RECORDED INFORMATION Start Marker

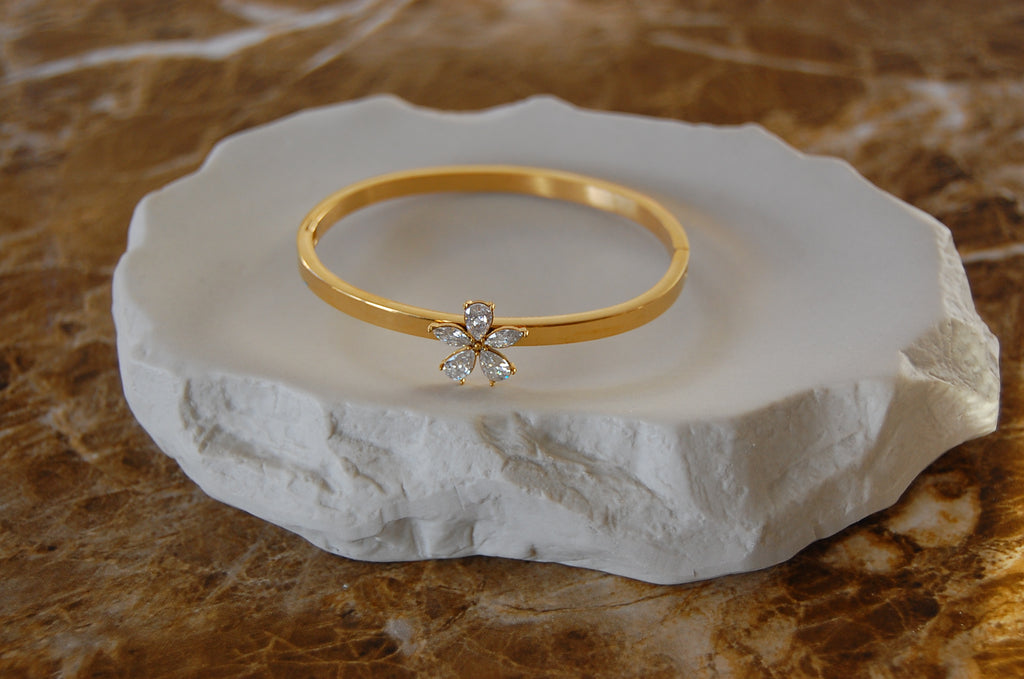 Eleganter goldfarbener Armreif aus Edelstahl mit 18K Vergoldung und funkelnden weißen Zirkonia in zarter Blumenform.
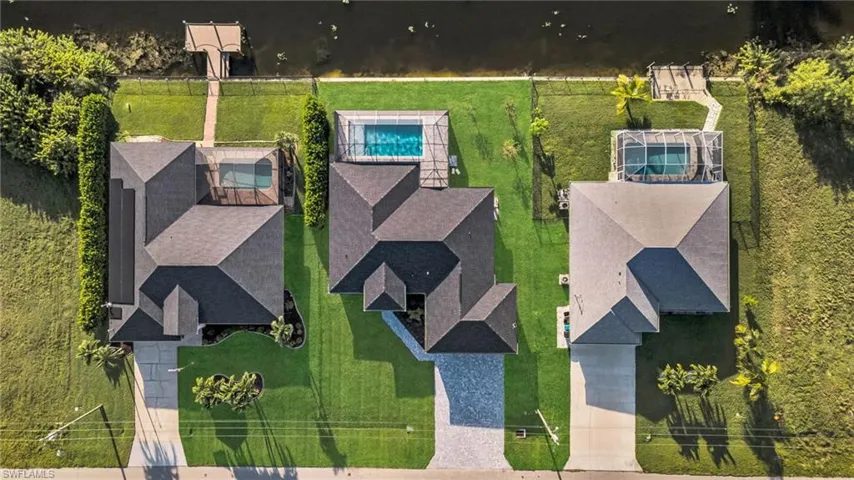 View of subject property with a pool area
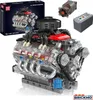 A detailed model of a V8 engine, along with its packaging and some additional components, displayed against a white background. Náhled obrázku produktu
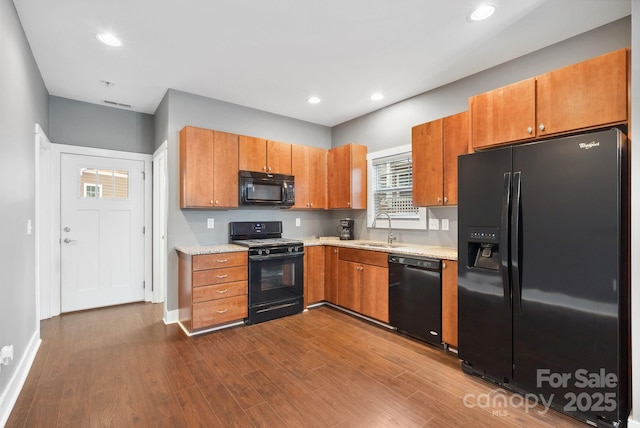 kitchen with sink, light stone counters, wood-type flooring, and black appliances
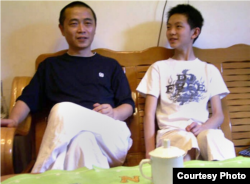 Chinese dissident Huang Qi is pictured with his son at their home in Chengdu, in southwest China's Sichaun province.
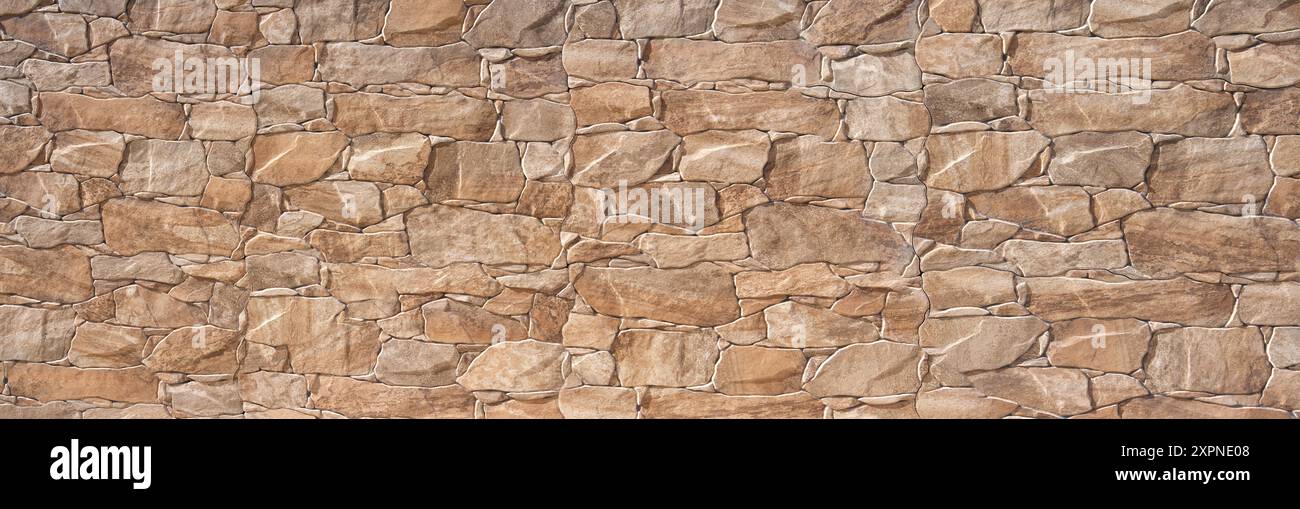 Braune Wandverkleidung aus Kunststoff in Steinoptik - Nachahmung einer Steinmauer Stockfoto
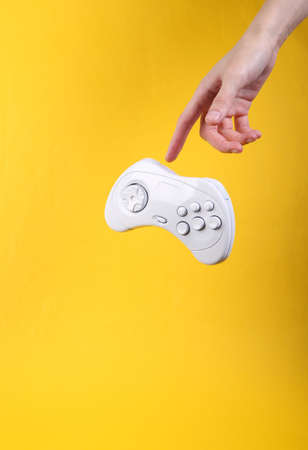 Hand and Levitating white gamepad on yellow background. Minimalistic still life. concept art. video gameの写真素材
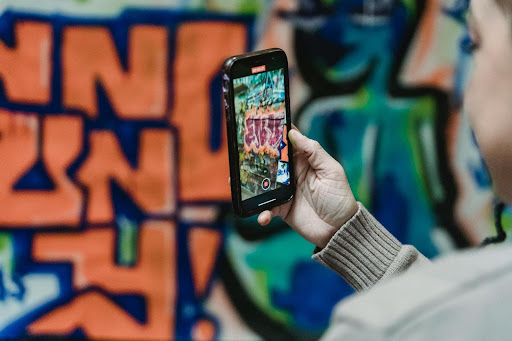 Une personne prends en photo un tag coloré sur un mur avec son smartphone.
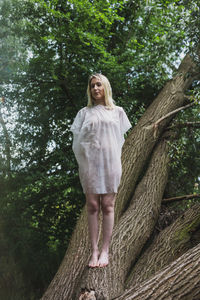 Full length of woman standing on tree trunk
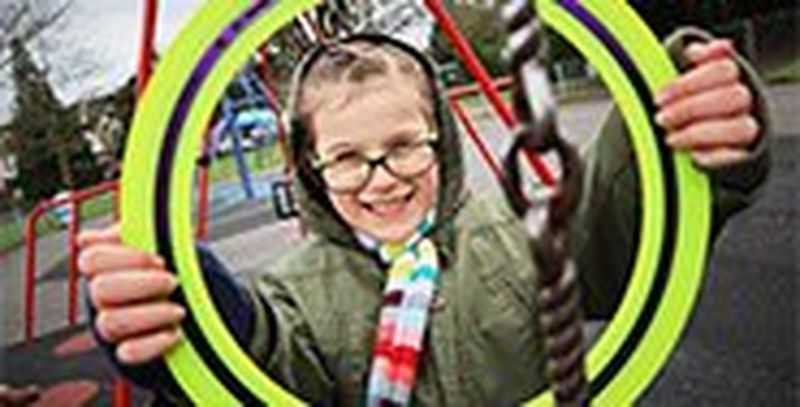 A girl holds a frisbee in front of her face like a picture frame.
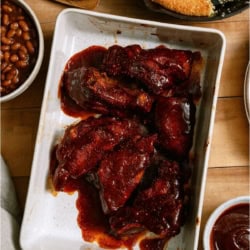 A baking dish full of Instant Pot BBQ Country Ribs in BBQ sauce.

RECORDED INFORMATION End Marker

EXERCISE REQUIREMENTS
Only one thing is wanted here, an exact copy of the lines from the first line above through the line containing "Braune Wandverkleidung aus", minus any picture.

OUTPUT
 Eleganter goldfarbener Armreif aus Edelstahl mit 18K Vergoldung und funkelnden weißen Zirkonia in zarter Blumenform.
 View of subject property with a pool area
 A detailed model of a V8 engine, along with its packaging and some additional components, displayed against a white background. Náhled obrázku produktu
 kitchen with sink, light stone counters, wood-type flooring, and black appliances
 Chinese dissident Huang Qi is pictured with his son at their home in Chengdu, in southwest China's Sichaun province.
 Braune Wandverkleidung aus Kunststoff in Steinoptik - Nachahmung einer Steinmauer Stockfoto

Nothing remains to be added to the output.